Plusieurs organisations pour la paix - la CNAPD, Vrede vzw, Vredesactie et Pax Christi Vlaanderen - ont mené mardi une action symbolique contre les armes nucléaires devant le cabinet du Premier ministre Elio Di Rupo. Ils lui ont remis une bombe nucléaire en chocolat afin qu'il l'offre au président américain Barack Obama, qui sera présent en Belgique mardi et mercredi. 

Les organisations souhaitent qu'Elio Di Rupo inscrive l'élimination des armes nucléaires de Kleine Brogel à l'agenda du gouvernement. Elle demandent également au président américain de retirer les armes nucléaires américaines présentes en Europe. "Cela fait plus de cinquante ans que des armes nucléaires sont en Belgique", ont indiqué les organisations. "Elles sont inutiles, chères et dangereuses."

Le président américain séjournera en Belgique mardi et mercredi.

Davantage de mesures de sécurité nucléaire ?

Trente-deux pays, dont la Belgique, se sont engagés à transposer en droit national les lignes de conduite de l'AIEA (Agence internationale de l'énergie atomique) en ce qui concerne la protection du matériel nucléaire, a-t-on appris mardi, au deuxième et dernier jour du Sommet sur la sécurité nucléaire organisé à La Haye.
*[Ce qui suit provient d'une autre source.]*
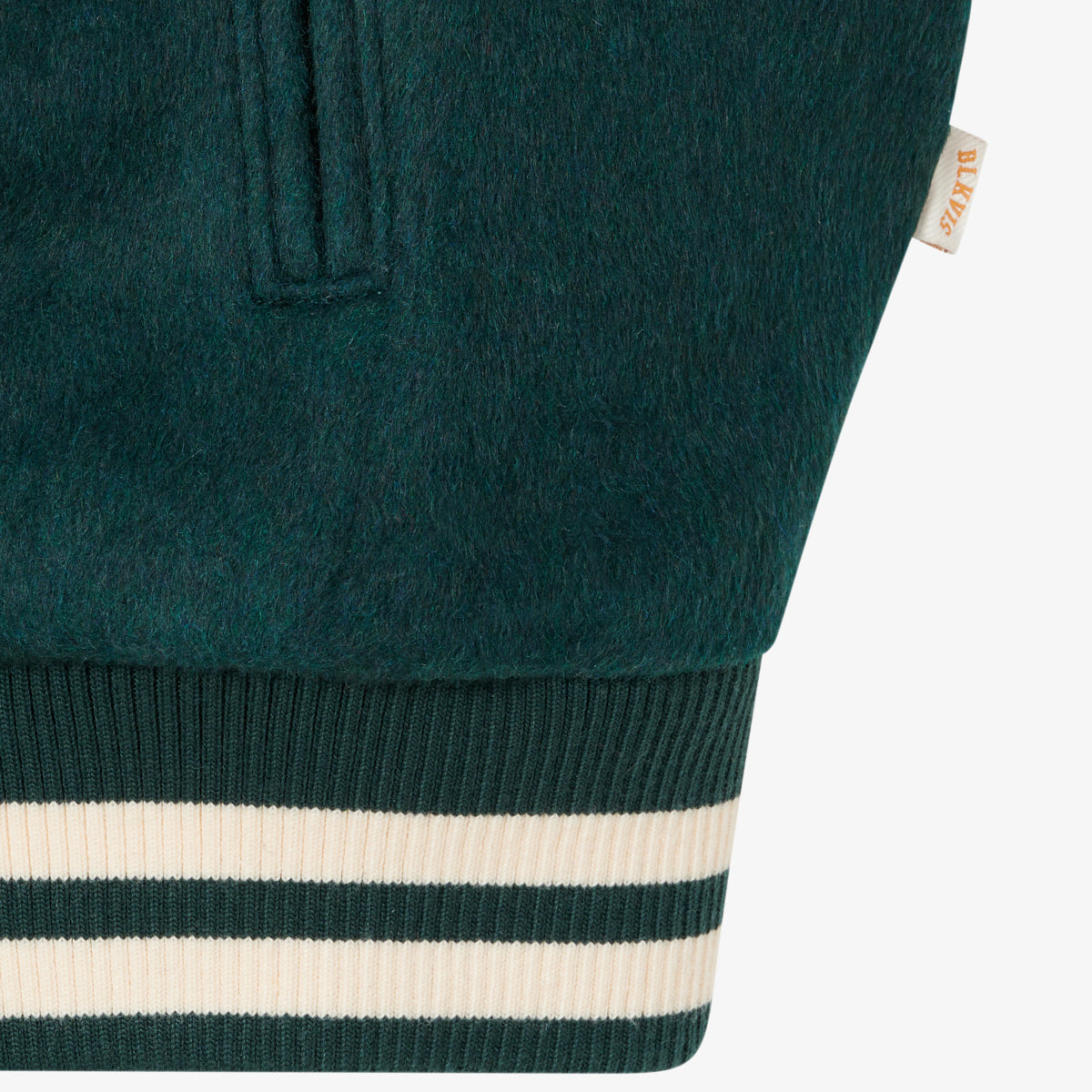 BLKVIS SOURCE WOOL TEDDY VARSITY JACKET - DARKEST SPRUCE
Cette transposition en droit national rendra de facto ces lignes de conduite contraignantes, tant pour les autorités publiques que pour les centres de recherches et les entreprises. Elle renforcera également la confiance des Etats quant aux mesures de sécurité adoptées par leurs voisins. Par ailleurs, le programme adopté à La Haye prévoit également que des équipes internationales d'experts évaluent, pour chaque Etat, l'efficacité des mesures de sécurité nucléaire. Selon des spécialistes présents au Sommet, il s'agit là d'un instrument important, garantissant notamment le fait que les règles de sécurité adoptées par les différents pays répondent aux standards internationaux en la matière. Outre la Belgique, l'ensemble des Etats membres de l'Union européenne, le Japon, Israël, ou encore l'Ukraine se sont engagés à prendre part à ce programme, initiative des pays organisateurs des 3 Sommets sur la sécurité nucléaire (Etats-Unis, Corée du Sud et Pays-Bas). 

Le Sommet 2014, qui aura avant tout été marqué par la crise ukrainienne et l'exclusion provisoire de la Russie du G8, doit se clôturer mardi après-midi, avec une déclaration finale fruit d'un consensus entre les Etats.